In some implementations, methodology of the present disclosure may enable collaborative training of one or more robots by other robots, e.g. by executing a command script by a trainee robot and observing motion of a trainer robot. In some implementations, such training may be implemented remotely wherein the trainer and the trainee robot may be disposed remote from one another. By way of an illustration, an exploration robot (e.g., working underwater, in space, and/or in a radioactive environment, may be trained by a remote trainer located in safer environment.
It will be recognized that while certain aspects of the disclosure are described in terms of a specific sequence of steps of a method, these descriptions are only illustrative of the broader methods of the disclosure, and may be modified as required by the particular application. Certain steps may be rendered unnecessary or optional under certain circumstances. Additionally, certain steps or functionality may be added to the disclosed implementations, or the order of performance of two or more steps permuted.
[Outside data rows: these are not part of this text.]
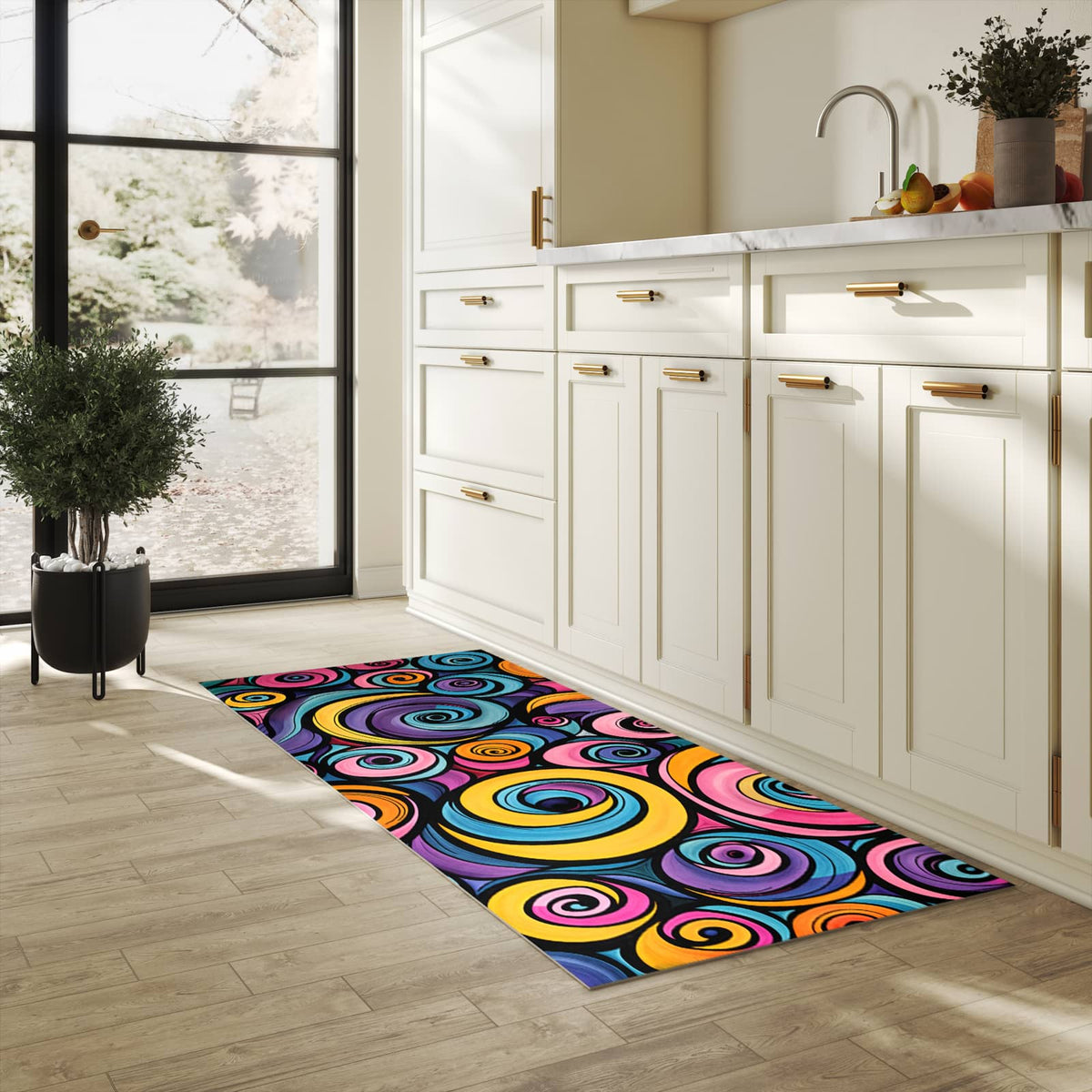 Waschbarer rutschfester Küchenteppich mit Motiv Farbige Spiralen in heller Küche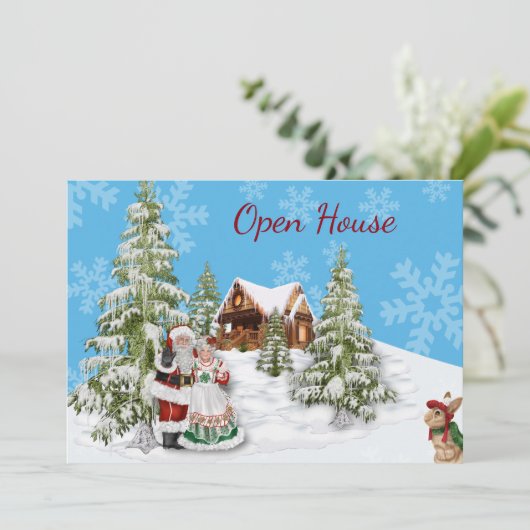 Uitnodiging voor open kerstfeest (Staand voorkant)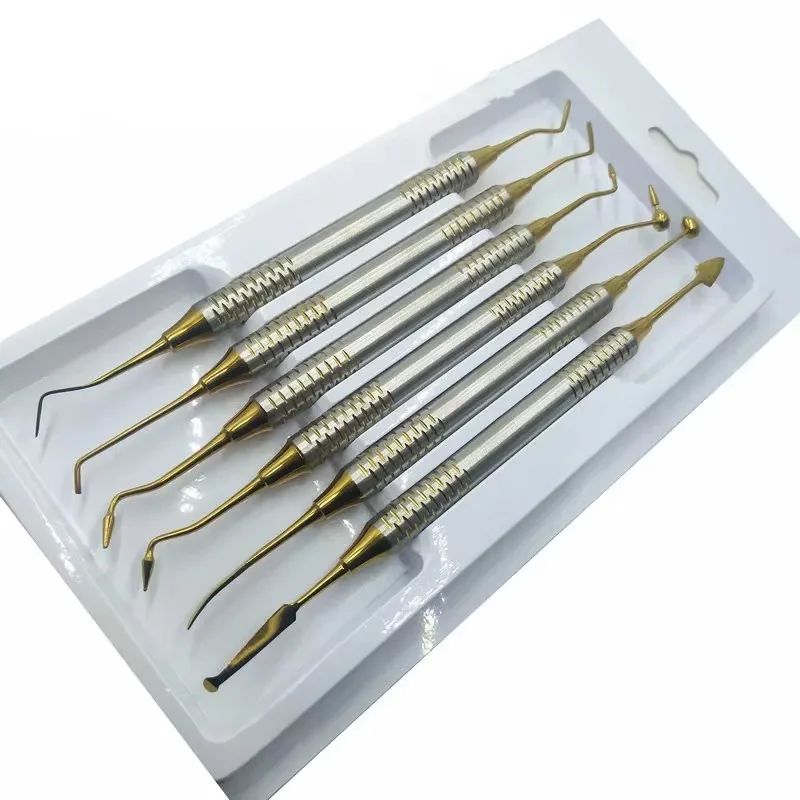 6 Pcs Dental Resin Filling Kit, Titanium & Gold Coated Head Plugger Tools For Dental Restoration Clinic Use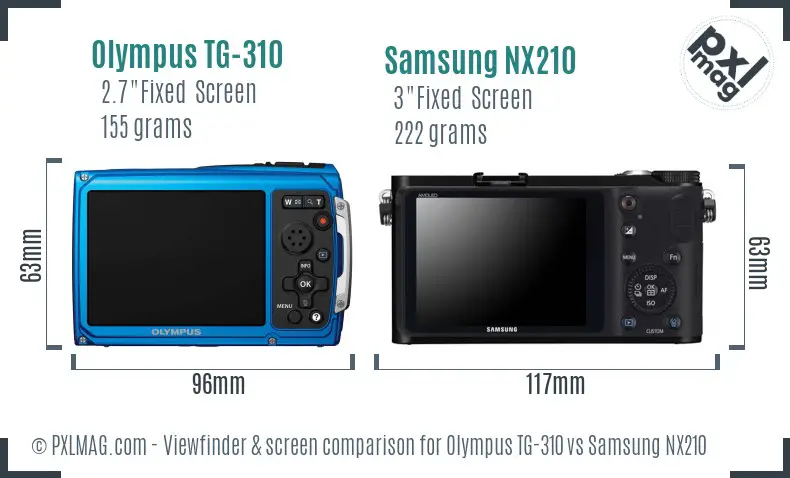 Olympus TG-310 vs Samsung NX210 Screen and Viewfinder comparison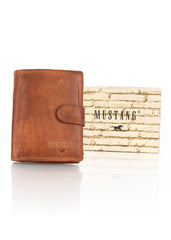 MUSTANG Denimo High Wallet Side Opening UNIWERSALNY SKÓRZANY PORTFEL POJEMNY NA KARTY RFID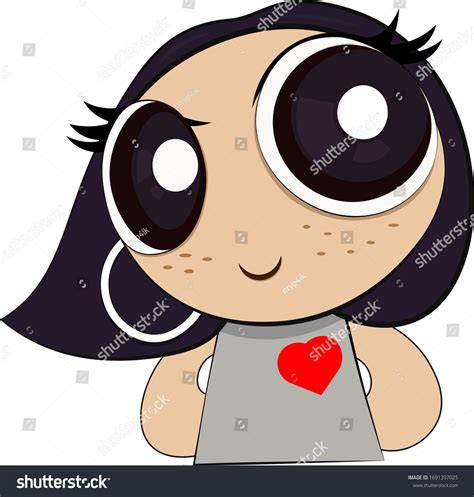 Sticker Girl Big Eyes Beautiful Face Stock Vector Royalty Free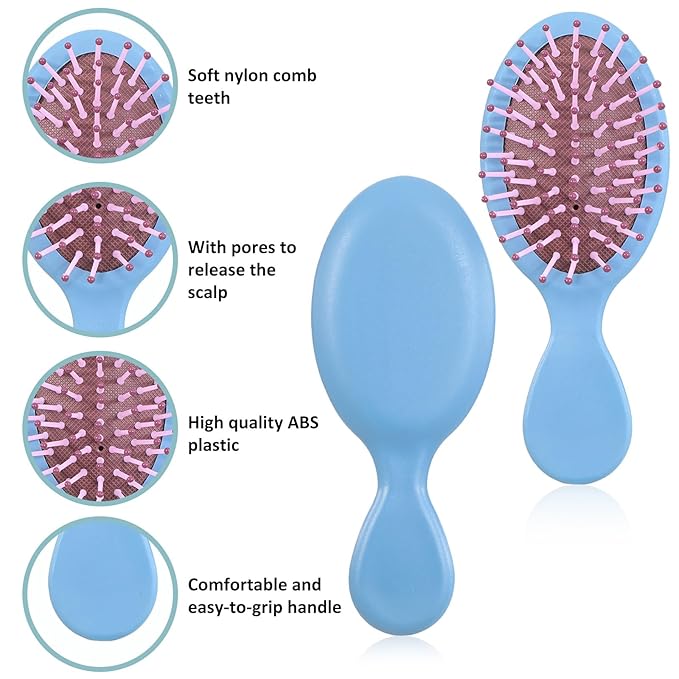 28Pcs Mini Hair Brush Soft Bristles Bulk Hair Brushes for Wet/Dry Hair, Mini Wet Hair Brush Detangler Travel Hair Brushs for Most Hairs Types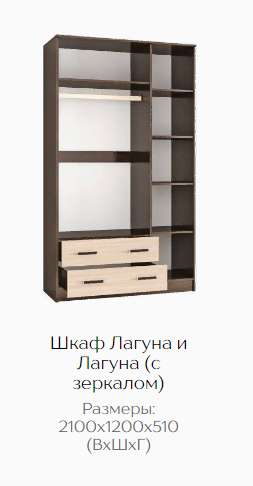Шкаф комбинированный «Лагуна» с зеркалом и без (Тэкс) в Нижнем Новгороде фото №3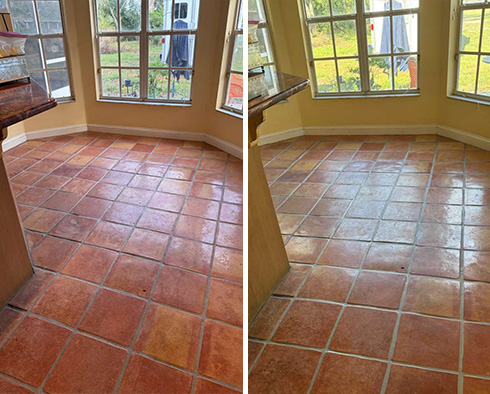 Floor Before and After a Grout Sealing in Odessa, FL
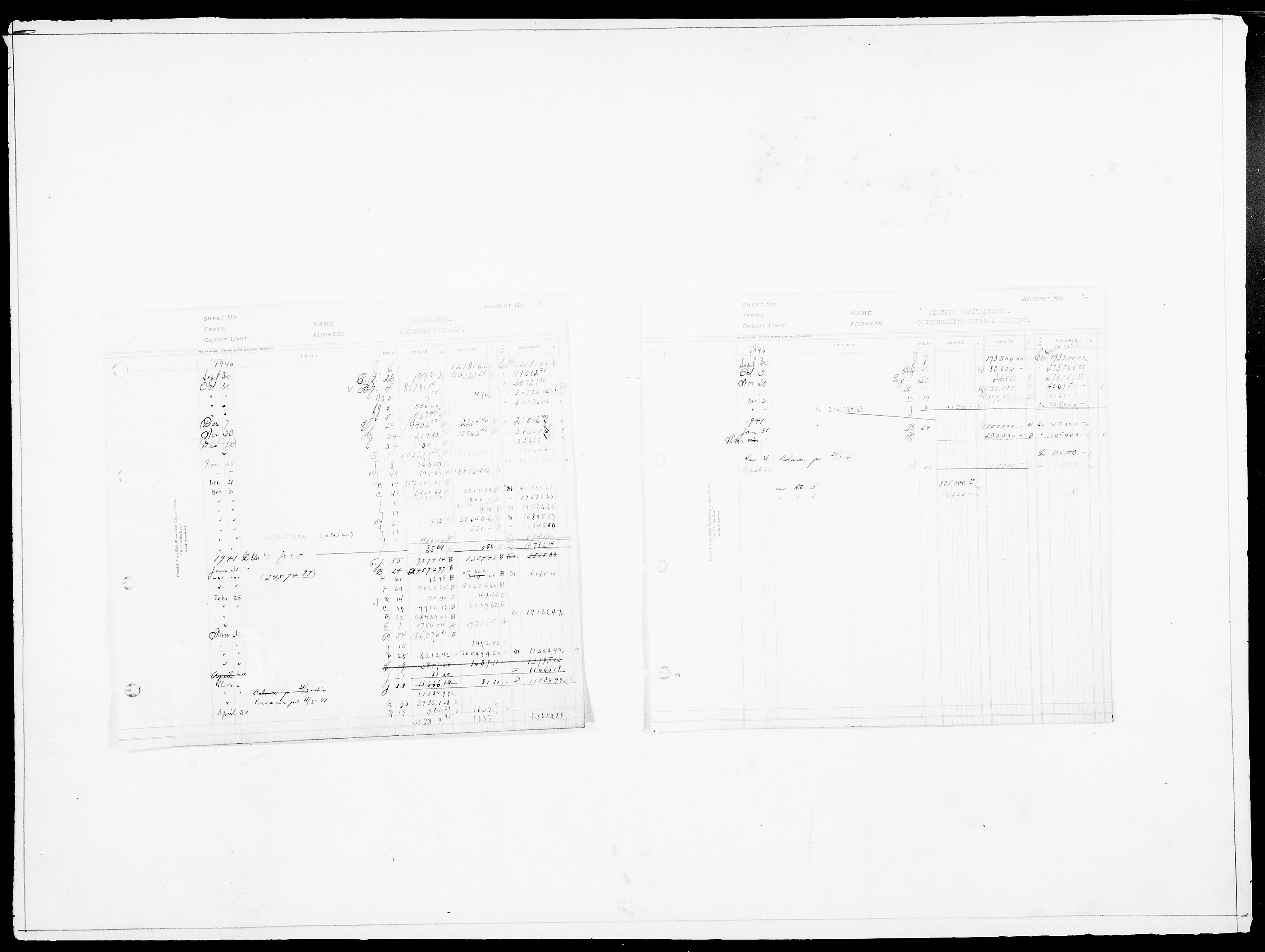 Forsvaret, Flyvåpnenes treningsleir 1940-1945, AV/RA-RAFA-3974/V/L0012: Regnskaper.  Se "Index" for detaljert oversikt over innholdet., 1940-1945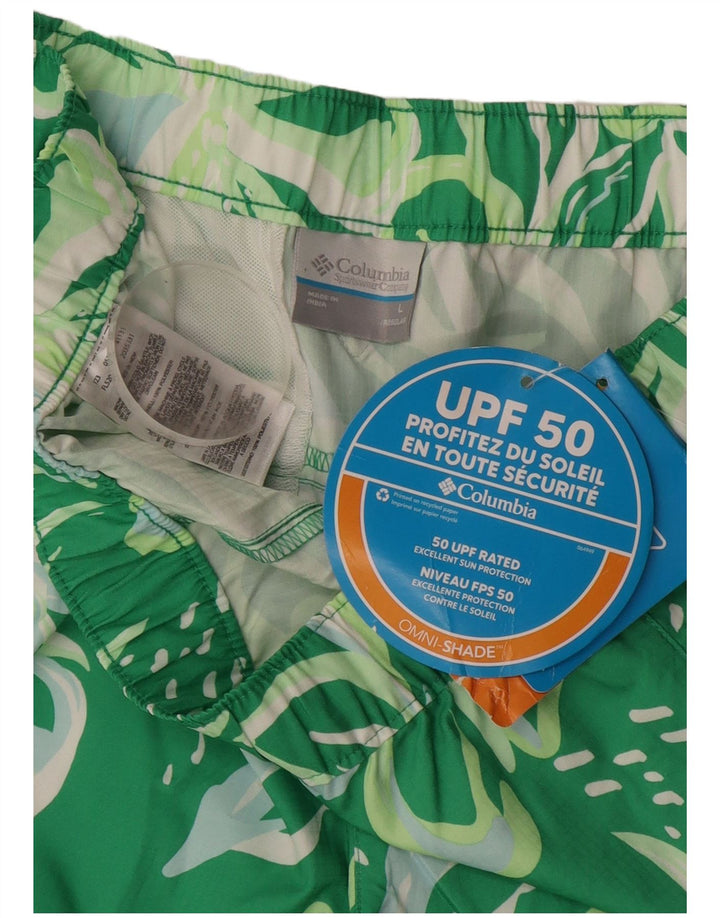 Columbia Badeshorts til mænd, store grønne blomsterpolyester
All such variations are considered to be encompassed within the disclosure disclosed and claimed herein.
While the above detailed description has shown, described, and pointed out novel features of the disclosure as applied to various implementations, it will be understood that various omissions, substitutions, and changes in the form and details of the device or process illustrated may be made by those skilled in the art without departing from the disclosure. This description is in no way meant to be limiting, but rather should be taken as illustrative of the general principles of the technology. The scope of the disclosure should be determined with reference to the claims.
This application is related to co-pending and co-owned U.S. patent application Ser. No. 13/918,338 entitled “ROBOTIC TRAINING APPARATUS AND METHODS”, filed Jun. 14, 2013; U.S. patent application Ser. No. 13/918,298 entitled “HIERARCHICAL ROBOTIC CONTROLLER APPARATUS AND METHODS”, filed Jun. 14, 2013; U.S. patent application Ser. No. 13/918,620 entitled “PREDICTIVE ROBOTIC CONTROLLER APPARATUS AND METHODS”, filed Jun. 14, 2013; U.S. patent application Ser. No. 13/907,734 entitled “ADAPTIVE ROBOTIC INTERFACE APPARATUS AND METHODS”, filed May 31, 2013; U.S. patent application Ser. No. 13/842,530 entitled “ADAPTIVE PREDICTOR APPARATUS AND METHODS”, filed Mar. 15, 2013; U.S. patent application Ser. No. 13/842,562 entitled “ADAPTIVE PREDICTOR APPARATUS AND METHODS FOR ROBOTIC CONTROL”, filed Mar. 15, 2013; U.S. patent application Ser. No. 13/842,616 entitled “ROBOTIC APPARATUS AND METHODS FOR DEVELOPING A HIERARCHY OF MOTOR PRIMITIVES”, filed Mar. 15, 2013; U.S. patent application Ser. No. 13/842,647 entitled “MULTICHANNEL ROBOTIC CONTROLLER APPARATUS AND METHODS”, filed Mar. 15, 2013; and U.S. patent application Ser. No. 13/842,583 entitled “APPARATUS AND METHODS FOR TRAINING OF ROBOTIC DEVICES”, filed Mar. 15, 2013; each of the foregoing being incorporated herein by reference in its entirety.